With the ring and global/local bit, each task can only have 8191
segments (segment 0 is special). For the programs I was working on
at the time, I never ran into the limit.

Which currently popular systems allow for this?

-- glen

glen herrmannsfeldt · Feb 21, 2013

(snip, I wrote)

For the usual malloc() implementation, the linkage information is
stored before the data. (Array element [-1].) In that case, you are
safer going off the low end of an array than the high end.

Click to expand...

While most do store a header in front of the allocated block, many
also store at least a length at the end of the allocated area. That
gets used when the following block gets deallocated, and allows a
quick link back to the prior header to allow merging freed areas and
whatnot. Certainly not a universal design, but a common one.

I might have thought about a doubly linked list with both at the
front, but at the end works, too.

The OS/360 GETMAIN is unlike malloc/free in that you can free part
of an allocated region, beginning, end, or middle, and it can keep
track of what is allocated and what isn't. As well as I understand it,
the same routine is used to allocate memory for user programs as to
allocate regions for programs to run in. (That is, for MVT.)

-- glen

glen herrmannsfeldt · Feb 21, 2013

(snip)

I'm curious too. Certainly many systems provide debug versions of
malloc and friends which add sentinels and other things to help catch
overwrites, but that usually won't catch a spurious read, and even
spurious writes are often caught only well after they've happened
(better late than never, but...).

Some of the debugging system, DynamoRIO, for example, manages
something similar by not actually executing your program directly,
rather doing binary recompilation of your binary into an instrumented
version, which then includes checks for overflows. I don't remember
if Valgrind does that too, but I don't think so.

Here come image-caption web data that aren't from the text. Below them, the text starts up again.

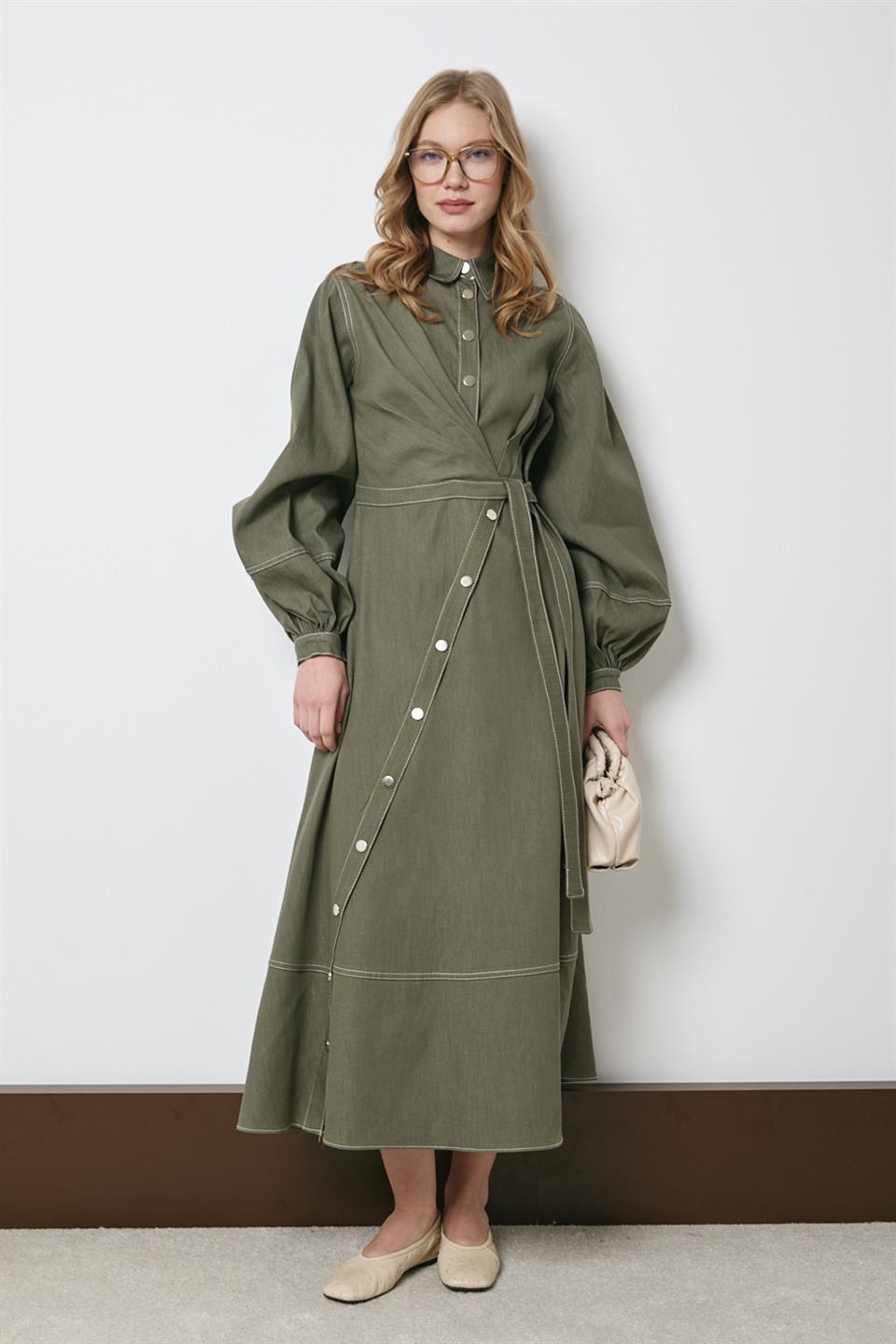 Çıt Çıt Düğmeli Bağlamalı Kot Elbise - Haki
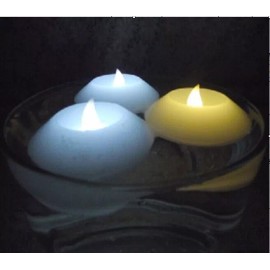 FeatherParadise 3 Inch Large LED Waxed Floating Candle Flameless Floating Candle Warm White 6pcs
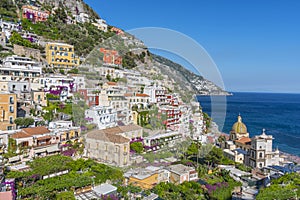 View of Positano, one of the most beautiful and touristic villages of Amalfi Coast, Italy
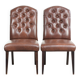 Set of 2 cognac-coloured vintage cow leather chesterfield dining chairs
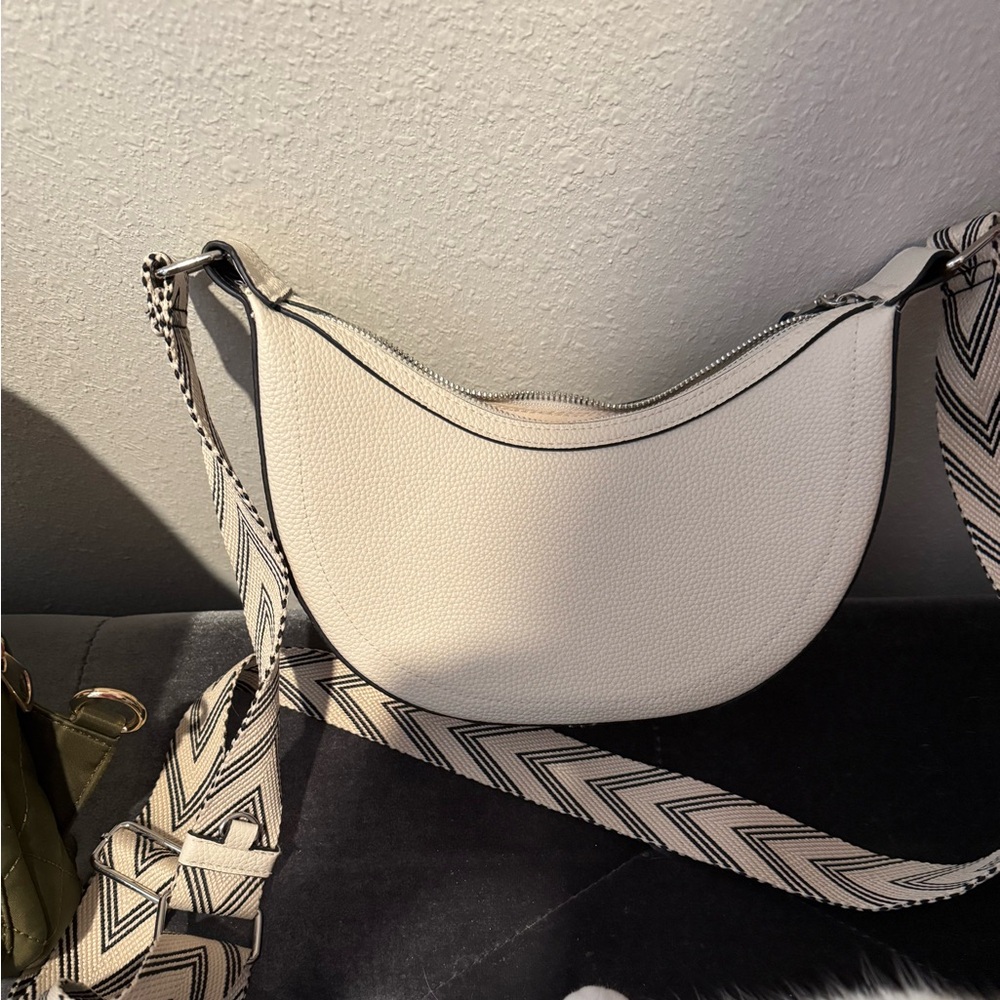 White Crescent Crossbody Bag with Textured Finish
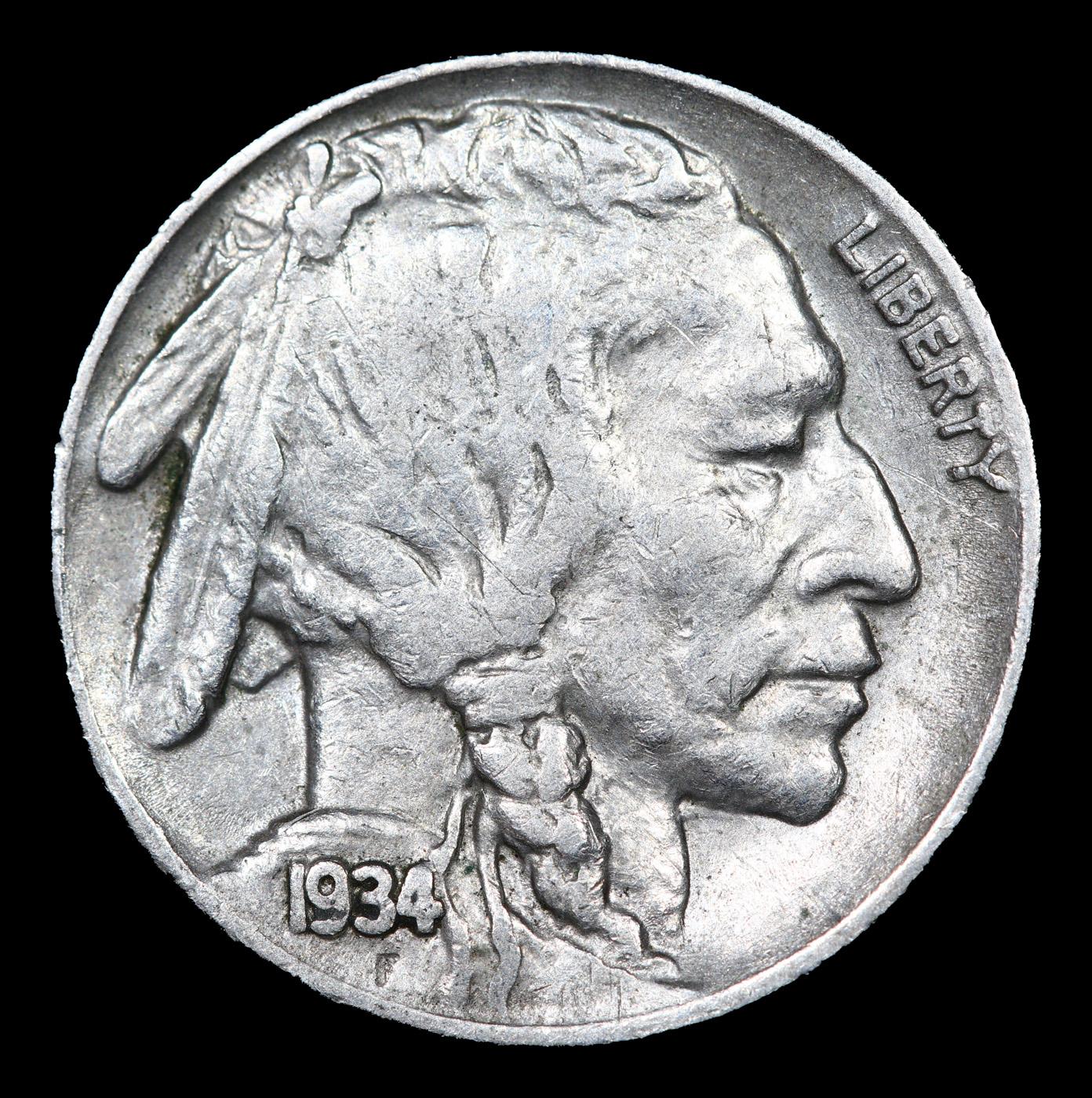 1934-p Buffalo Nickel 5c Grades Select Unc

An obvious technique for doing that would be to align each allocation
to the end of a page, and make sure the next page is not mapped. That
would leave an area in front of the allocation touchable (unless the
allocation is exactly a multiple of the page size), and that doesn't
necessarily catch really wild writes. It would also either trash
alignment, or leave a small are that could be accessed without a trap.
The effect on memory usage would also not be pretty.

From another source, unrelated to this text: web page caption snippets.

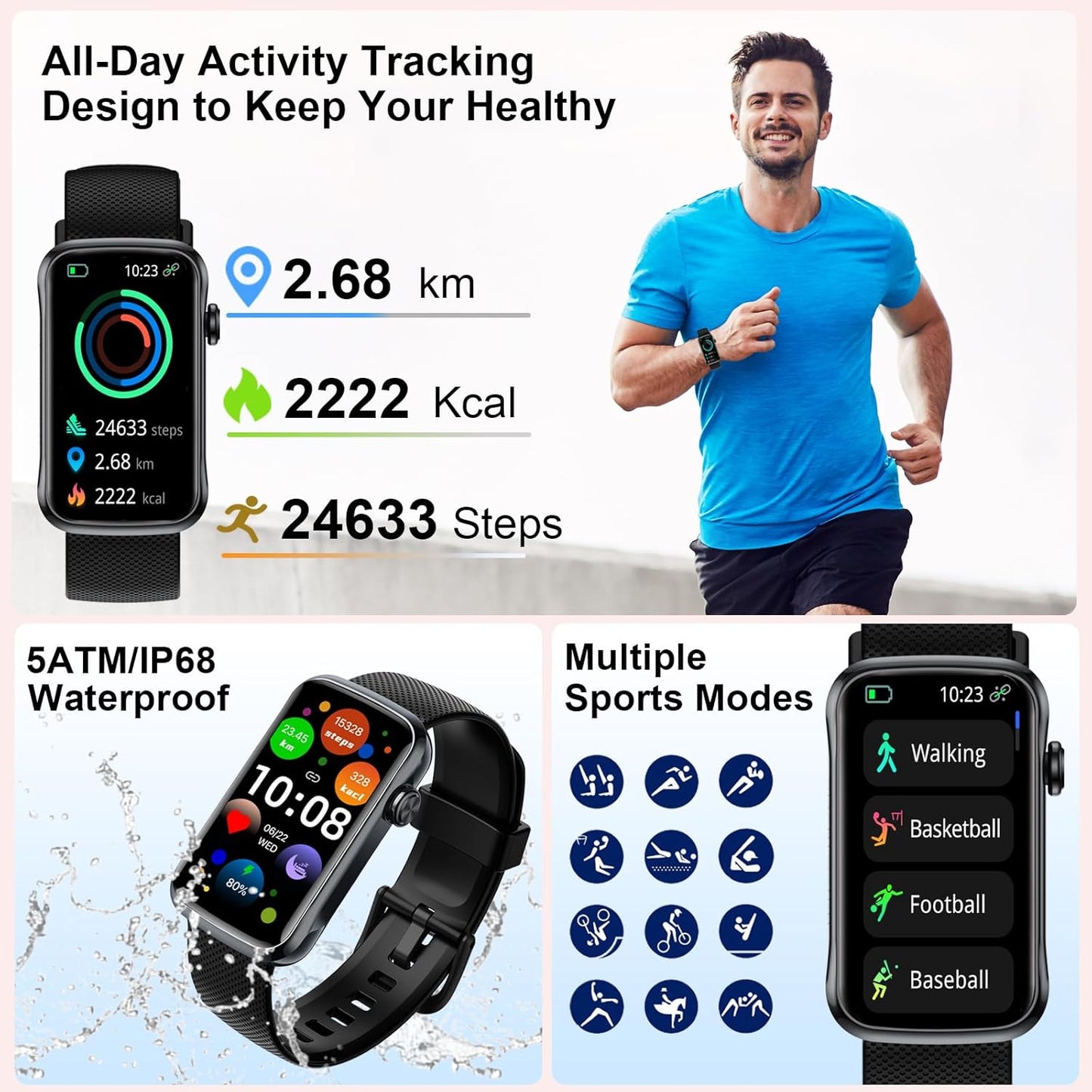 Smart Watch for Men Women, 1.47" Fitness Activity Tracker with 24 Sport Modes, Step Tracker, Pedometer, IP68 Waterproof Smartwatch(Message Reminder) for Android and iPhone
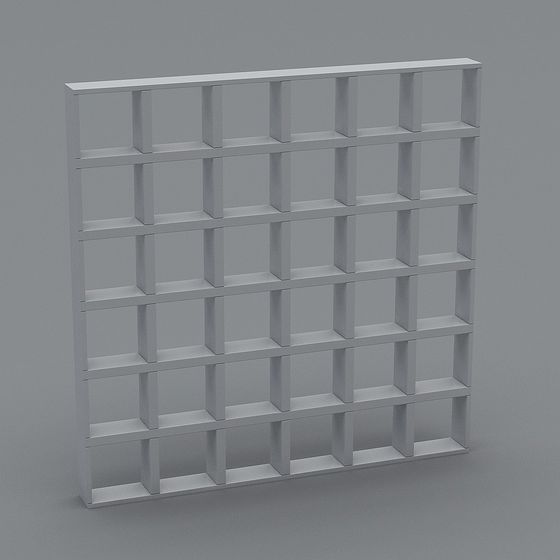 Low-Poly Grid Bookshelf 3D model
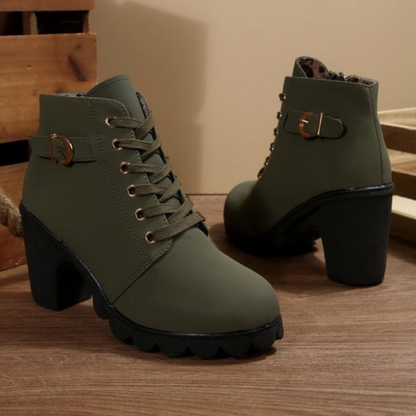 Karin Chic Lace-Up Metal Buckle Chunky Ankle Boots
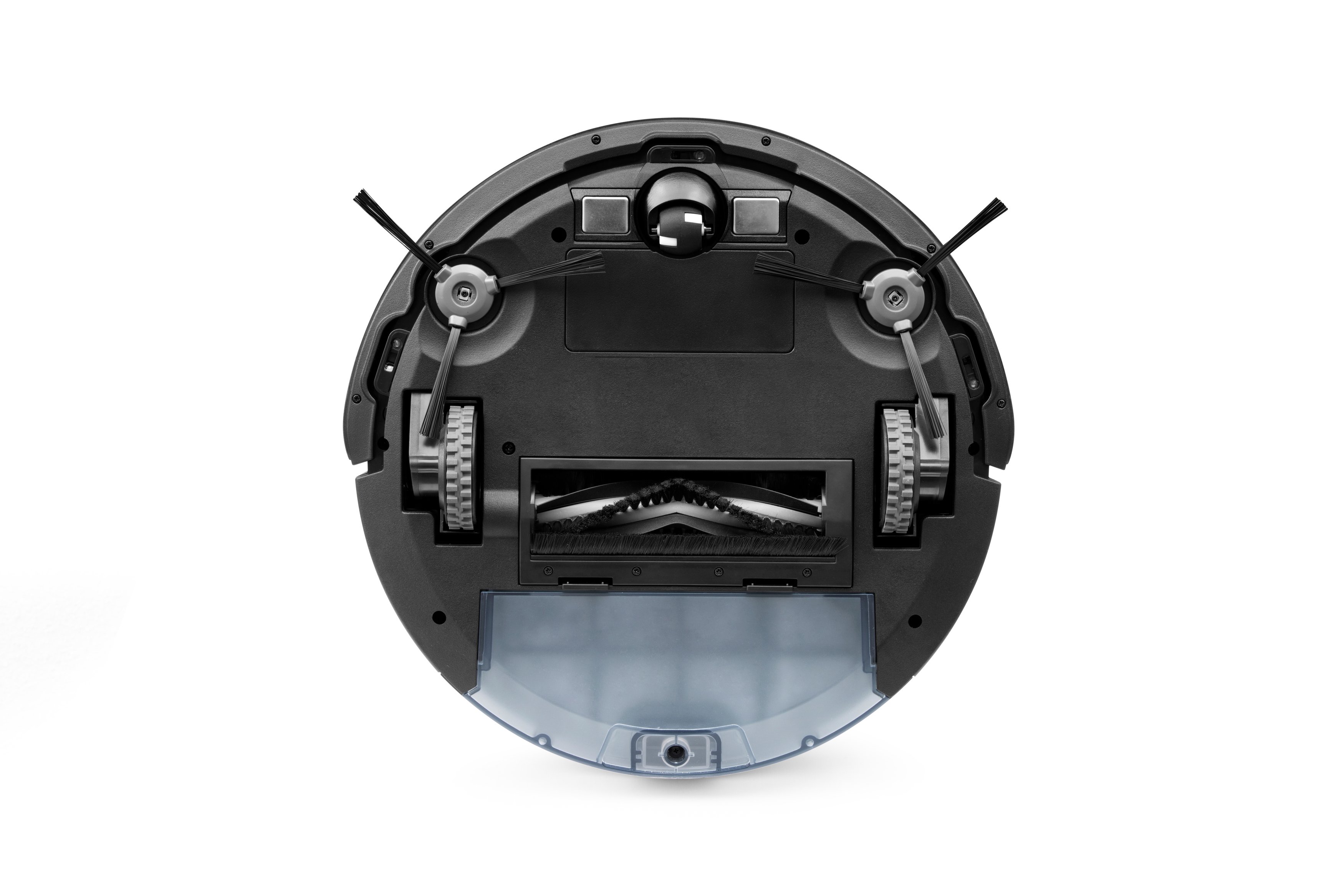 Schwarzer Roboter-Staubsauger von unten auf weißem Hintergrund.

That would be easy for an OS, but not so easy for user programs
on most systems.

BTW, you could do the same thing in (protected mode) Win16, and
allocate everything via GlobalAlloc, and get a new segment for each
allocation.

I thought you probably could, but I never did it. I was using OS/2 1.0
in early 1990, not so long before Win 3.0.

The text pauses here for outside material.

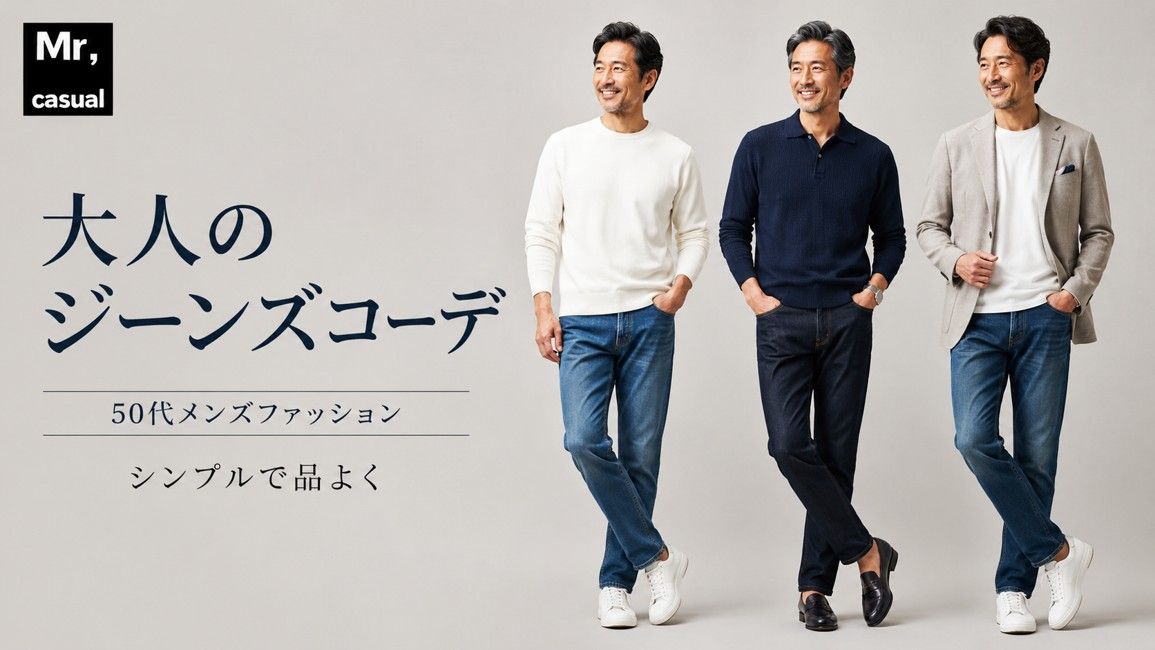 50代メンズのジーンズコーデおすすめ18選!大人のカジュアルを格上げする、シンプルコーディネートをご紹介
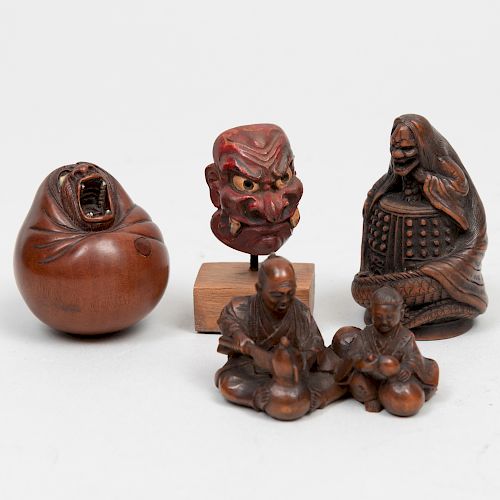 Three Japanese Carved Wood Netsuke and a Small Noh Mask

With OS/2, when the segmentation exception came it would show the
register contents so it wasn't hard to find out where the problem was.
(Just a little hex arithmetic.)

I didn't use Windows much in those days, so I don't know what it
did with the exception. After that came OS/2 2.x which would run
windows programs without Windows.

-- glen

Philip Lantz · Feb 21, 2013

Robert said:
I'm curious too. Certainly many systems provide debug versions of
malloc and friends which add sentinels and other things to help catch
overwrites, but that usually won't catch a spurious read, and even
spurious writes are often caught only well after they've happened
(better late than never, but...).

An obvious technique for doing that would be to align each allocation
to the end of a page, and make sure the next page is not mapped. That
would leave an area in front of the allocation touchable (unless the
allocation is exactly a multiple of the page size), and that doesn't
necessarily catch really wild writes. It would also either trash
alignment, or leave a small are that could be accessed without a trap.
The effect on memory usage would also not be pretty.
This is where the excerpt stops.